Regression Analysis is a statistical modeling tool that is used to explain a response (criterion or dependent) variable as a function of one or more predictor (independent) variables.
Employee efficiency may be related to years of training , educational background, and age of the employee.
The amount of time until a headache is gone, when taking a pain killer, may be related to the dosage , age , and gender.
The number of votes for a presidential candidate may be related to gender, income, and the state.
In our data example, students’ performance may be related to the poverty level of students in the school or percentage of teachers with full credential in the school or number of students in the class.
Single regression is study of a single response as a function of a single predictor
\(X\): The predictor. \(x_1, x_2, \dots, x_n\) are \(n\) observations from \(X\).
\(Y\): The response. \(y_1, y_2, \dots, y_n\) are \(n\) observations from \(Y\).
In a simple linear regression model we assume this relationship is a linear function.
b) Linear function
A linear function can be determine by the intercept and the slope of the line.
The figure below shows plot of linear function
\[y = f(x) = 1 + 0.5 \times x\]
The intercept is equal to 1 and slope of the line is equal to 0.5.
The intercept represent the value of y given x = 0.
The slope represent increase in y for one unit increase in the x.

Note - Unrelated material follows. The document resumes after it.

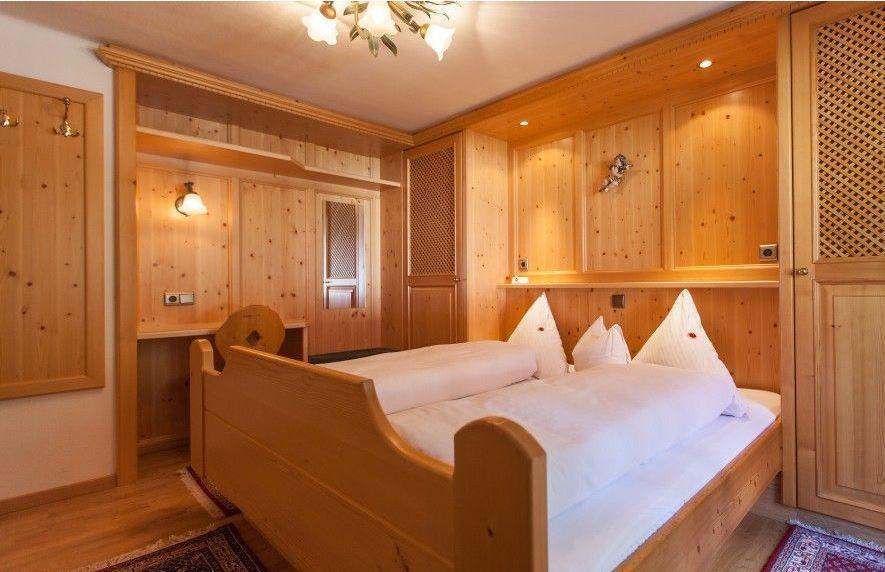 Pension Edelweiss Alpbach Extérieur photo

c) Linear regression as a statistical model
In a real life situation we usually cannot explain \(Y\) as an exact function of \(X\). There is always some errors or noises in the dependent variable that cannot be explained by the relationship between independent and dependent variable. We call that error or residual term in the model. We represent the formula for a simple linear model as:
\[y_i = \beta_0 + \beta_1 x_i + \epsilon_i\]

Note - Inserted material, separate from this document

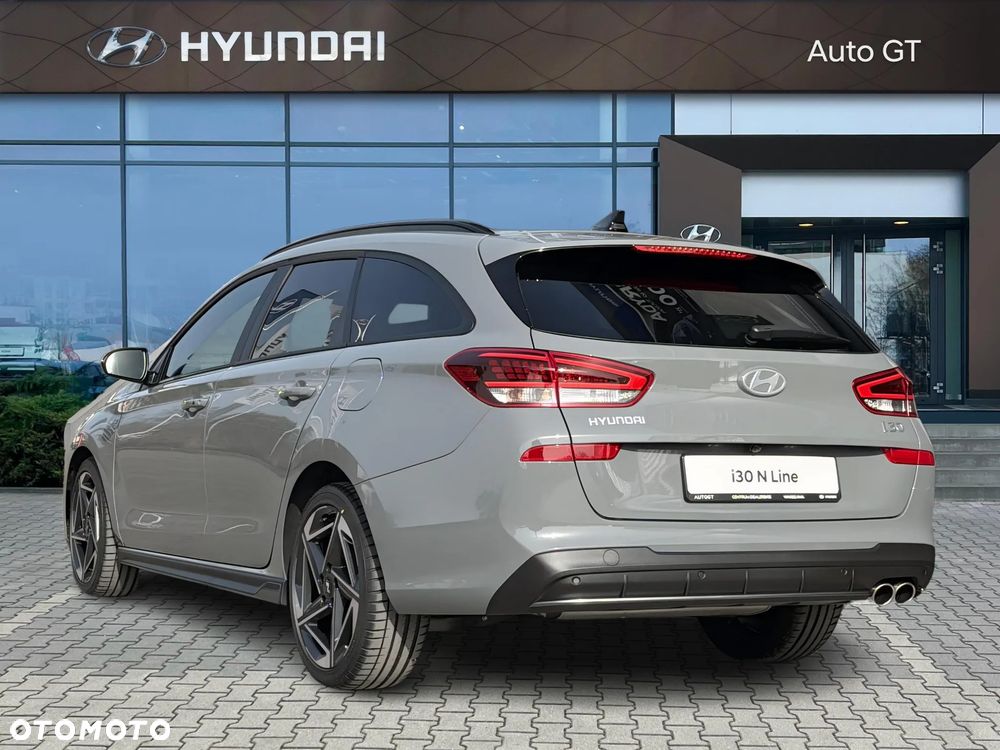 Hyundai i30 - 3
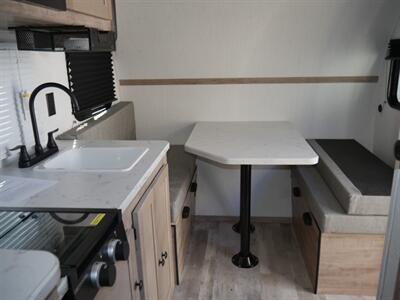 2025 Gulf Stream Trail Boss 170RQ   - Photo 10 - Puyallup, WA 98373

Where \(\beta_0\) is the intercept and \(\beta_1\) is The slope of the model and \(\epsilon_i\) is the residual term.
The quantities \(\beta_0\) and \(\beta_1\) are called model parameters and they are estimated from the data.
We assume the linear function can predict the mean value of the outcome for a given value of predictor variable. The mean value in mathematical statistics is noted as \(\text{E}(Y | X = x)\) and reads the expected value of \(Y\) given \(X = x\).
In a simple linear regression, the mean function of outcome is given by
\[\text{mean of } Y \text{ given a value of }X \text{ equal to } x = E(Y |X = x) = \beta_0 +\beta_1x\]
The goal of linear regression model is to estimate parameters \(\beta_0\) and \(\beta_1\) in a way that the line fit the best with the data.
The method to achieve this best fitted linear function is called Ordinary Least Square (OLS) method.
In the OLS we estimate the parameters of the model (intercept and slope) by minimizing sum of square of residuals.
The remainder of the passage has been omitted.